Oh, and ah, unlike most other purchases you’ll make in your lifetime, this one’s absolutely guaranteed to lose money every year (just read the last bullet below).
Here’s why buying a car is one of the worst purchases you can make:
- Cost of COE: Expect to pay a ridiculous amount of cash ($60K-$90K for Class A) for the car’s Certificate of Entitlement (COE)
- Cost of Vehicle: Expect to pay a ridiculous amount of cash for your vehicle due to the Additional Registration Fee (ARF), which can inflate the cost of a Toyota Corolla to Kaiju-like proportions.
- Huge Down Payment: Expect to pay a 40% down payment on a 5-year car loan if your vehicle’s Open Market Value (OMV) is less than $20,000 and a 50% down payment if the OMV is more.
- Value Depreciates Greatly: Expect the value of your car to depreciate at a rate of 10% its value every year, that’s because the Monetary Authority of Singapore (MAS) has adopted the “straight-line” method of calculating the OMV of cars.
- Cost of Fuel/Maintenance: Expect to pay $1,000-$3,000 per year on petrol and regular maintenance, depending on the make/model you purchase.
Bottom line, unless you absolutely need a car to get to a VERY well-paying job in Tuas or Jurong Island, avoid buying a car the same way you’d avoid buying an iPad at Sim Lim.
#2 Your Weekly Lottery Tickets
OK, so you already know that you should avoid buying a car simply because it’s a terrible investment of your cash – you’re going to pay hundreds of thousands of dollars on something that will drop in value until you decide to sell or scrap it.
But do you know what a bigger waste of money is? Lottery tickets – yes, your precious weekly/bi-weekly/daily purchase of lottery tickets is a HUGE waste of money!
I mean, seriously, what benefits do you really get out of buying lottery tickets? Other than the “high” resulting from the false sense of hope that you’ll win – nothing. And nothing is what you’ll usually end up with for your purchase.
Look, if you want to spend a few bucks on winning the Singapore Sweep jackpot every now and then, that’s fine. But betting spending a substantial sum of cash every week/month on lottery tickets isn’t the odds on favourite route to financial freedom – but investing is a much safer route.
#3 Your Seldom Used Gym Membership
A gym membership can be a money-saver IF you go regularly. That’s because exercise is one of the biggest preventative measures you can take to against various types of diseases, cancers and pretty much any other expensive medical affliction.

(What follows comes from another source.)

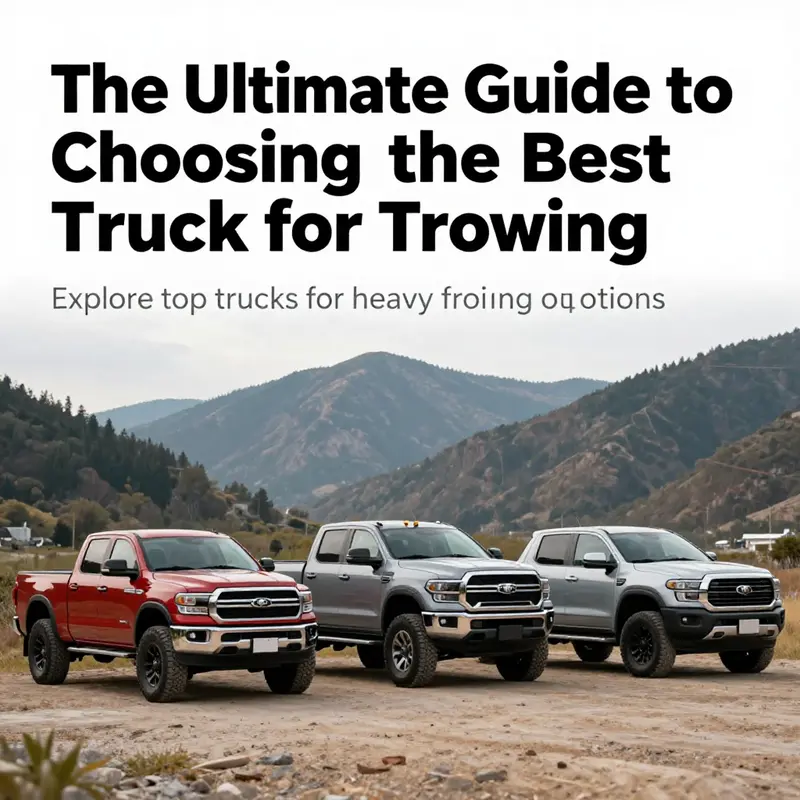 A diverse selection of trucks suitable for towing, displayed against a picturesque mountain landscape.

Of course, if you don’t go regularly – that expensive gym membership is nothing but a waste of $150-$300 a month!
Seriously, I don’t care how pretty the receptionist/saleswoman you the membership is – if you cannot commit yourself to taking time every other day (at least) to make use of that membership, you’re just throwing money away.
Going to the gym every now and then is certainly better for your health than lying on your sofa like a three-toed sloth. But a gym membership is definitely not cost effective for the casual gym goer.
Instead, check out cheaper gym alternatives that’ll reduce your $150-$300 a month gym membership to only $30-$40 a month (or $5+ a visit if you want to pay per session).
What are some other major money wasters that should be added to this list? Share your thoughts with us on Facebook! For even more useful information on everything personal finance, visit MoneySmart today!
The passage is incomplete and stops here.